Sunday, March 18, 2007



Fred Hiatt of The Washington Post Coming Unhinged

He writes another self serving piece about how he was correct in supporting the Iraq mess as the lead editorial in today's Washington Post. Some highlightslowlights.
We will never know what might have happened had Saddam Hussein and his sons been left in power. Nor do we know how Iraq will evolve; history's judgment in five years or 10 may look very different than today's.

History in five years will likely say that Bush belongs at the Criminal Court at the Hague. You really think history is going to prove Bush right here? You are sounding like Bush. But that is obvious.

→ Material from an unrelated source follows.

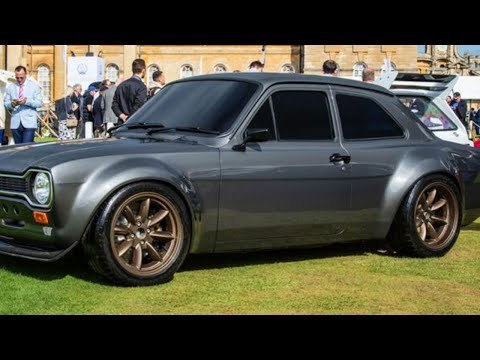 2025 MST Cars Ford Escort RS Mk1 – Rallye-Legende als ist zurück!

The easy way out is to blame President Bush, Vice President Cheney or former defense secretary Donald H. Rumsfeld: The decision was right, the execution wrong.

It would be easy because it's the truth. The decision was not right. How can you say that now?

David Kay's postwar report suggests that Saddam Hussein would have used the resulting loosening of bonds to build a dangerous arsenal.We underestimated, too, the regime's determination to fight back and its resourcefulness in doing so.It would almost be comforting if Mr. Bush had "lied the nation into war," as is frequently charged. The best postwar journalism instead suggests that the president and his administration exaggerated, cherry-picked and simplified but fundamentally believed -- as did the CIA -- the catastrophically wrong case that then-Secretary of State Colin L. Powell presented to the United Nations.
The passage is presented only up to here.